[x264-devel] Re: Questions about add8x8_idct8

Fri Sep 15 18:56:50 CEST 2006

On Fri, 15 Sep 2006, Guillaume POIRIER wrote:

> I'm working on converting add8x8_idct8 to Altivec, so far, so good, I've got 
> an Altivec version of macro IDCT8_1D.
>
> However, there smth that troubles me, and it's the part when rounding is done 
> "for the >>6 at the end".
[...]
> I'm a little confused regarding why pw_32 isn't just 32 followed by the 
> relevant number of zeros, and I'm also wondering which of my vector register 
> should be summed with pw_32 (probably the one that loaded dct[0][0]), if it 
> matters at all.
>
> It looks like a minor thing, but it confuses me.

The standard says that you should perform the idct, and then for each 
coefficient do
     c[i][j]=(c[i][j]+32)>>6;
But that's equivalent to adding 32 to the dc coefficient, then doing 
the idct, and then
     c[i][j]=c[i][j]>>6;
It's also equivalent to doing the row idct, then adding 32 to all 8 
column dc coefficients, then doing the column idct.
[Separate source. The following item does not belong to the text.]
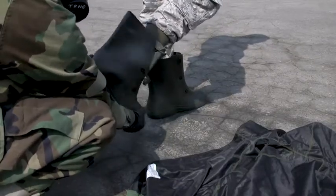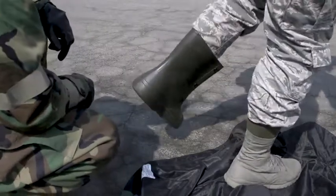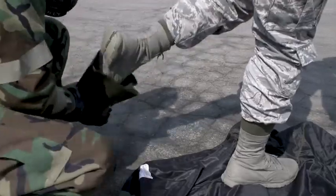Buddy One pulls off Buddy Two's overboots one at a time, and Buddy Two steps directly onto the coat spread on the ground as each foot is withdrawn from the overboot. Buddy One discards the overboot.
In each implementation, I picked whatever was convenient. In sse2 there 
was some latency to fill between the transpose and the column idct, so 
putting a paddw there was free. Whereas in the mmx version that method 
would have taken 2x paddw, which was slower than 1x add. (Of course, the 
results might be different on a different cpu.)

> Another question: I was also wondering if it was possible to somehow get the 
> memory pointed by uint8_t *dst to be aligned.
> It looks like it's not possible from what I've been able to figure out in 
> encoder/macroblock.c and in common/common.h, but maybe I was just blind...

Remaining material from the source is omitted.